- Born: 22 August 1995 (age 31) Espoo, Finland

Gymnastics career
- Discipline: Rhythmic gymnastics
- Country represented: Finland (2015-2016)
- Club: Gymnastics and Sports Club Elise
- Head coach: Laura Ahonen
- Retired: yes
- Medal record
Group Rhythmic Gymnastics
Representing Finland
Summer Universiade
| Bronze medal – third place | 2015 Gwangju | All-Around |
| Bronze medal – third place | 2015 Gwangju | 5 Ribbons |

= Iina Alexandra Linna =

Finnish rhythmic gymnast

Iina Alexandra Linna (born 22 August 1995) is a Finnish retired rhythmic gymnast. She represented her country in international competitions.

== Career ==
Iina began competing in the sport in 2003. At the 2015 European Games Finland was 11th in the All-Around qualification and did not advance to finals. In July the group won two bronze medals in the All-Around and with 5 ribbons at the 2015 Summer Universiade in Gwangju. Two months later Iina, Heleri Kolkkanen, Elina Koprinen, Sonja Kokkonen, Aino Purje and Kati Rantsi competed at the World Championships in Stuttgart, being 15th overall, 14th with 10 clubs and 13th with 3 balls & 2 ribbons.

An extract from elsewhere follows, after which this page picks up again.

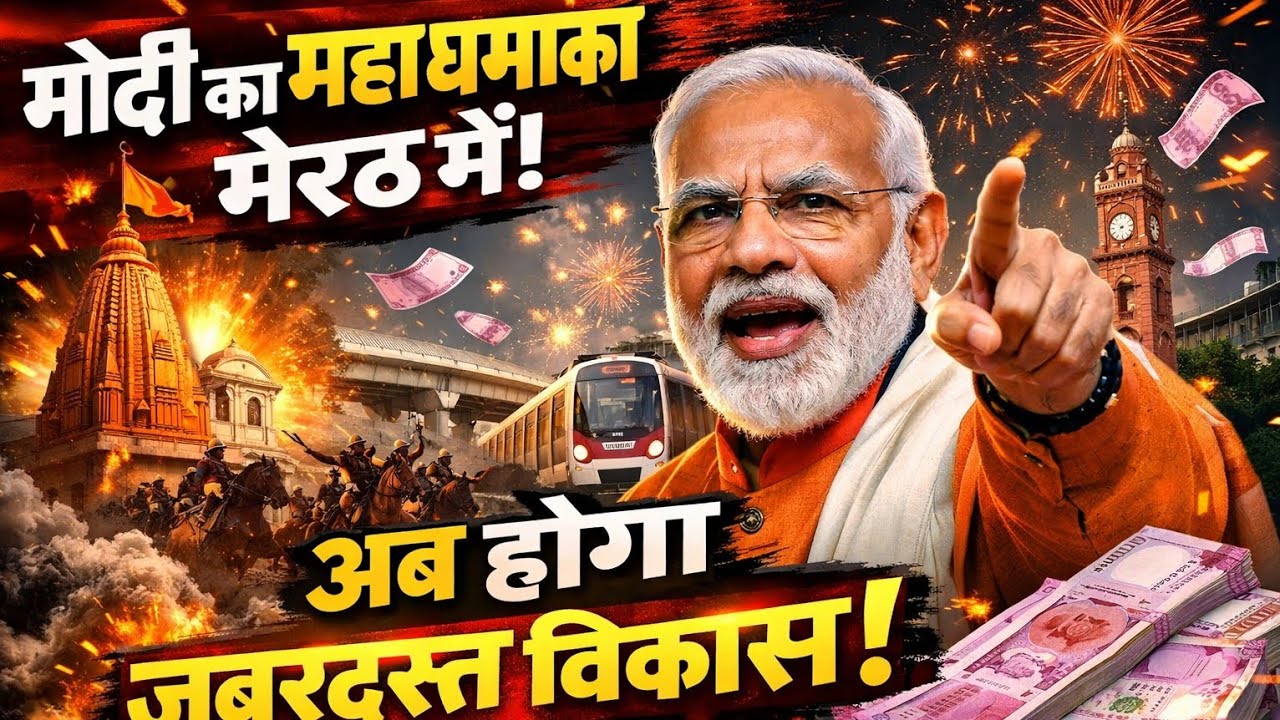 मेरठ-दिल्ली RRTS की शुरुआत 🚄 PM मोदी का बड़ा कदम! अब सफर होगा तेज और आसान !!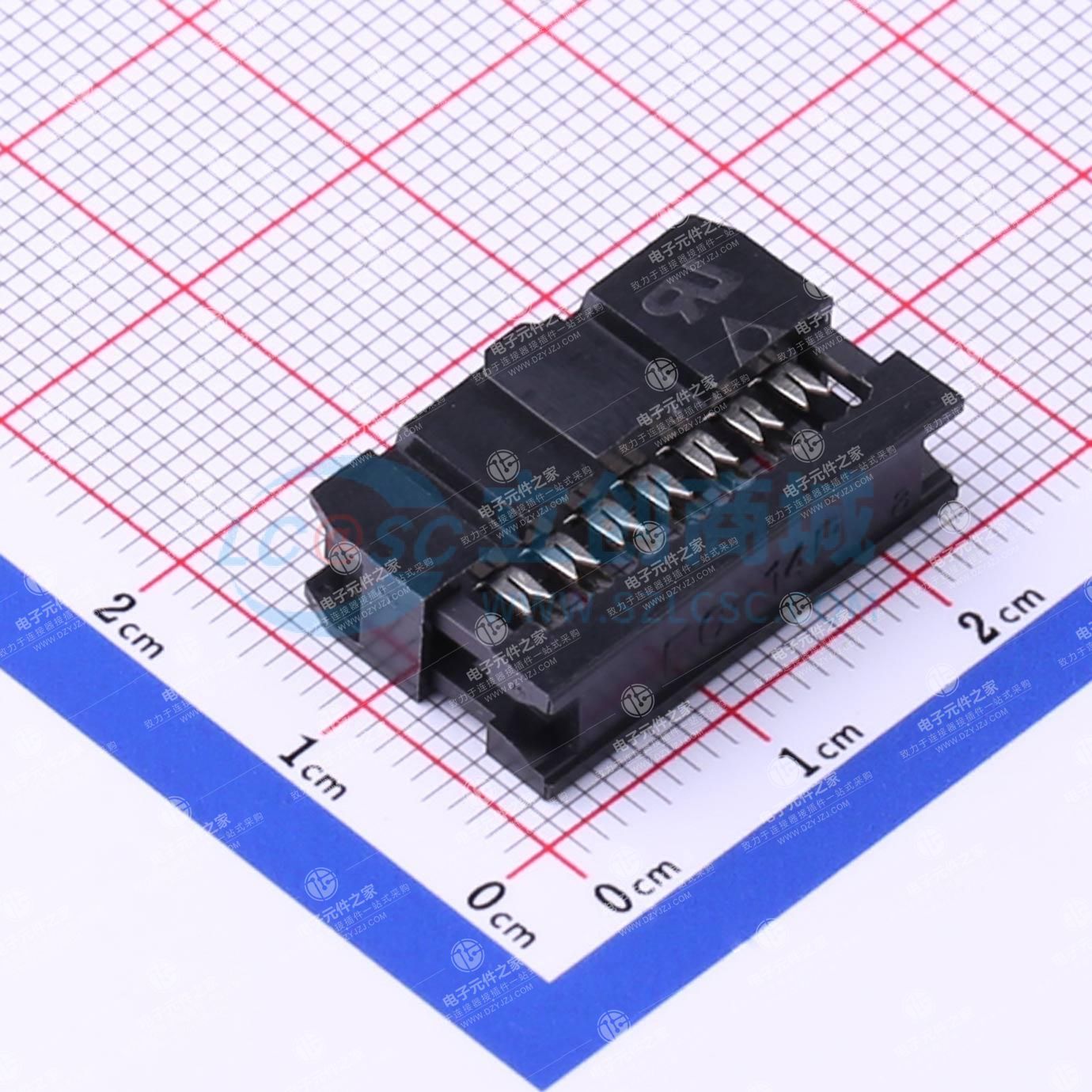 两件套 2.54mm 2x7P 排数:2 每排P数:7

In February 2016 she took part in the World Cup in Espoo, taking 5th place in the All-Around and with 5 ribbons and 6th in the mixed event. In April they competed at the Olympic Test Event in Rio de Janeiro ending in 4th place, narrowingly missing the Olympic qualification. At the European Championships in Holon the Finnish group was 7th in the All-Around, 10th with 5 ribbon and 5th in the mixed event.